*Oasis proposes dismissal of Hokuetsu CEO
Sekio Kishimoto at upcoming AGM * Oasis nominates five new
highly qualified, independent, and diverse director candidates
*Oasis urges Hokuetsu shareholders to vote FOR Oasis’s
proposals *Oasis calls for Hokuetsu to transform corporative
governance to build a best-in-class business for all
stakeholders
More information available at
www.HokuetsuCorpGov.com
Oasis Management Company Ltd. (“Oasis”) is the manager to funds
that beneficially own approximately 18% of Japanese paper
manufacturer Hokuetsu Corporation (3865 JT) (“Hokuetsu” or the
“Company”). Oasis has adopted the Japan FSA’s “Principles of
Responsible Institutional Investors” (a/k/a the Japan Stewardship
Code) and in line with those principles, Oasis monitors and engages
with its investee companies.
Oasis has been engaging with Hokuetsu since 2019 in an effort to
help improve the Company’s corporate governance and corporate
value. However, Oasis firmly believes that CEO & President
Sekio Kishimoto’s poor leadership and a lack of oversight by the
Company’s current independent directors are holding Hokuetsu back
from achieving its full potential.
Mr. Kishimoto and Hokuetsu’s independent directors have a long
track record of governance and business management missteps,
including:
- A long history of failure to realize synergies with Daio Paper
Corp. (“Daio”) and refusal to sell Hokuetsu’s strategic
shareholdings, incurring significant economic loss;
- Announcing a Strategic Alliance with Daio, of which the
economic benefits to the Company are only nominal due to regulatory
constraints and the inherent conflict of interests between the two
parties;
- Overseeing subpar Company performance during extremely long
tenures; and
- Failure to implement effective and meaningful corporate
governance, as demonstrated in the reinstatement of a poison pill
to protect their vested interests.
Therefore, we urge fellow shareholders to act now to hold
management accountable, improve corporate governance, and help
build a better Hokuetsu by voting FOR Oasis’s proposals at the upcoming AGM:
- Dismissal of Mr. Kishimoto as a director
- Dismissal of Mr. Iwata, Mr. Nakase, Mr. Kuramoto and Ms. Nihei
as independent directors
- Election of five highly qualified, truly independent, and
diverse independent director candidates (Ms. Shiba, Mr. Nysten, Mr.

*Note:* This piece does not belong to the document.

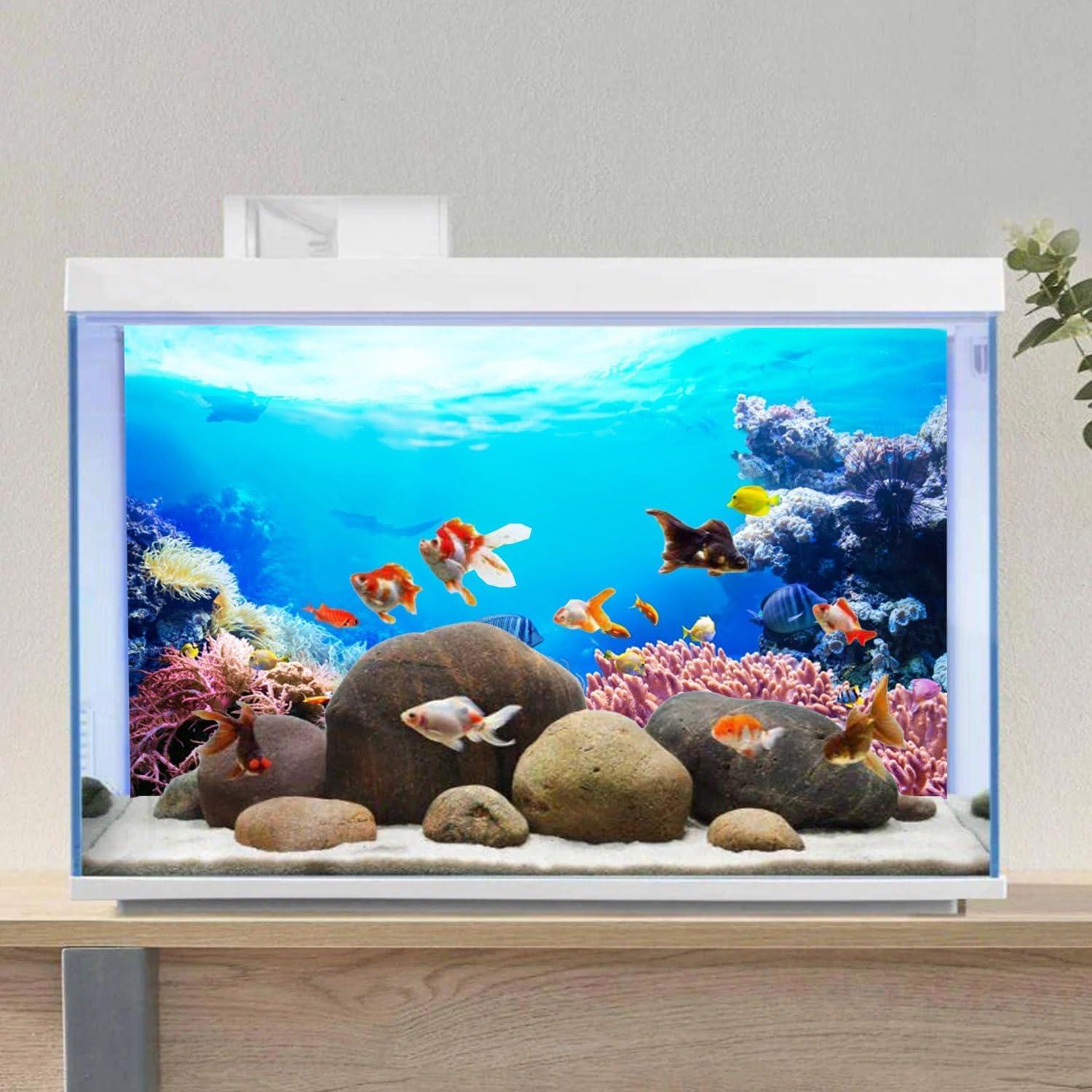 Fondo de Acuario Vinilo AWERT 120x60 cm Coral Tropical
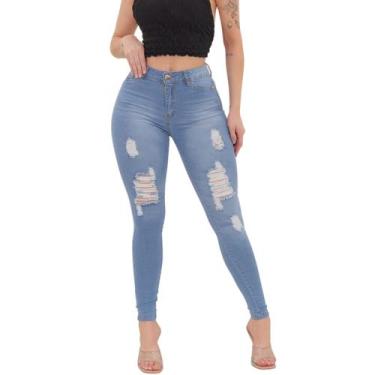 Imagem de Calça Jeans Feminina Skinny Detalhes Destroyed Blue Clear Tecido Premi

Nakajima, Mr. Baisley and Mr. Watanabe)
- Introduction of a new compensation plan for the independent
directors:
- Determination of individual base remuneration for independent
directors
- Determination of remuneration for granting restricted stock to
independent directors
Background – Corporate Governance
Failures at Hokuetsu
We believe the Company’s corporate governance framework has been
rendered ineffective by Mr. Kishimoto’s effective control over the
board. The independent directors have failed to provide appropriate
oversight, and thus have failed in their duty to hold him
accountable for his track record of shortcomings during his 16-year
tenure as CEO and President.
These governance shortcomings are perhaps best exemplified by
the Company’s December 2023 reinstatement of a poison pill aimed at
preventing Daio Kaiun from increasing its stake. Hokuetsu had
previously abolished its poison pill in June 2022.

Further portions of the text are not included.